The cast of the serial has its minor weaknesses, but is pretty solid overall. Tom Neal is both authoritative and likable in the lead, but is somewhat less energetic than he was in Jungle Girl eight years earlier; however, he still displays the same gruff cheerfulness that he showed in that serial, and comes off as a convincingly tough and weather-beaten adventurer. Heroine Judy Clark, a former singer, seems a bit uncomfortable with extended dialogue scenes; though she’s quite pretty, and appealingly chipper in demeanor, she often looks either blank or awkward when delivering her lines. Ralph Hodges is similarly chipper but much more self-assured as her brother, engaging in some enjoyable bantering exchanges with her and with Neal, and livening up many scenes (although he does have a bit of dialogue trouble of his own with the over-lengthy piece of recapitulation in Chapter Fourteen; he looks like he’s about to go to sleep as he plods through it).
Tristram Coffin is his typically slick and confident self as the Recorder’s lieutenant, while Hugh Prosser, as in most of his Columbia serials, effectively combines affability with shiftiness; the audience remains unsure of what side he’s really on right until the last chapter. Jack Ingram is as cranky and sarcastic as ever, and Forrest Taylor plays another of his beleagured but dignified scientist characters with his usual skill. Terry Frost, George DeNormand, Charles King, and Eddie Parker are likewise stalwart in their various henchman parts.

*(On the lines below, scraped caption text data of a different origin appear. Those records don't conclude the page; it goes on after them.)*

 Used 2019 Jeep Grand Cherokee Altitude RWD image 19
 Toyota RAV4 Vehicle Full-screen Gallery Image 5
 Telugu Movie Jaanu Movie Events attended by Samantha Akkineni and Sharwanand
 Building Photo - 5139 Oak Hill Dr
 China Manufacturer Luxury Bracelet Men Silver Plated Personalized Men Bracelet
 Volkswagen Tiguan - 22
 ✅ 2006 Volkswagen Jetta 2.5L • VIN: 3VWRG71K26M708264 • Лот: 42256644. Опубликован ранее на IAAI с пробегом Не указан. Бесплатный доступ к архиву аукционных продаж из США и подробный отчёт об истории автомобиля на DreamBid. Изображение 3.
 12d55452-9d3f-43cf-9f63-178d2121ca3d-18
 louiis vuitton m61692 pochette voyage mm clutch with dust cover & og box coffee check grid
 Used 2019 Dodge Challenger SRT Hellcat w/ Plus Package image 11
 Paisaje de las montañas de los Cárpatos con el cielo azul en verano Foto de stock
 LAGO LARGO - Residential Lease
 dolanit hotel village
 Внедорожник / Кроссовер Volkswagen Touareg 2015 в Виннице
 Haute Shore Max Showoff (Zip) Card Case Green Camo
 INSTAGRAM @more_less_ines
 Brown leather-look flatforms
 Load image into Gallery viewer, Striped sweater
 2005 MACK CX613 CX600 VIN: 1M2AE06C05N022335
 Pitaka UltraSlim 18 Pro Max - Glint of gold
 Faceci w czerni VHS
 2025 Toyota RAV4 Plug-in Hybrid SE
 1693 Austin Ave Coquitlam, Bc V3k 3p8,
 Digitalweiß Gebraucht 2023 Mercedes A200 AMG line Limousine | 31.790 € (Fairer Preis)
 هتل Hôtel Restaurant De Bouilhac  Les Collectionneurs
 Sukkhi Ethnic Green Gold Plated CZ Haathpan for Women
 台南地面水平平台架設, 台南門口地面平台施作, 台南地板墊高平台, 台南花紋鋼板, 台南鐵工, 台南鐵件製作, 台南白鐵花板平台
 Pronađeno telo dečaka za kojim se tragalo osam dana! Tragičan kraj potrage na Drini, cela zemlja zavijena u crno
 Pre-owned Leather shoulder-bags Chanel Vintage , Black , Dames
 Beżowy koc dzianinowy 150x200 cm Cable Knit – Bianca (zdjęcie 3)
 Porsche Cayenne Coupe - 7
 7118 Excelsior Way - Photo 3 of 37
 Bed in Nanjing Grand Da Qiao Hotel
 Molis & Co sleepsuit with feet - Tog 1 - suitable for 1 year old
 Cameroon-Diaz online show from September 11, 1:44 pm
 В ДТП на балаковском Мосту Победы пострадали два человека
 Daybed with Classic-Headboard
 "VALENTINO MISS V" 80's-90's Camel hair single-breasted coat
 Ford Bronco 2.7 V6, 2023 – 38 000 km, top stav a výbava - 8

Bruce Edwards, the hero of Republic’s The Black Widow, is reduced to a minor role as Coffin’s lab assistant, while Tom Steele and Dale Van Sickel play multiple character bits throughout the serial, as they did in Bennet’s Republic outings. Stephen Carr, brother of Thomas Carr, plays a sneaky minor villain as weakly as he did in Superman the preceding year; in his radio exchange with the extremely low-key Bruce Edwards, he manages to make the latter appear positively dynamic. The attractive brunette actress who appears as Hugh Prosser’s secretary is unfortunately uncredited.
While Bruce Gentry drags at times (like most Katzman Columbias, it would have been greatly improved had its chapters been both fewer and shorter), it ultimately holds together, and delivers a good deal more entertainment value than many of its Columbia contemporaries–thanks to a capable cast, good locations, and, most pertinently, the efforts of its directors and stuntmen.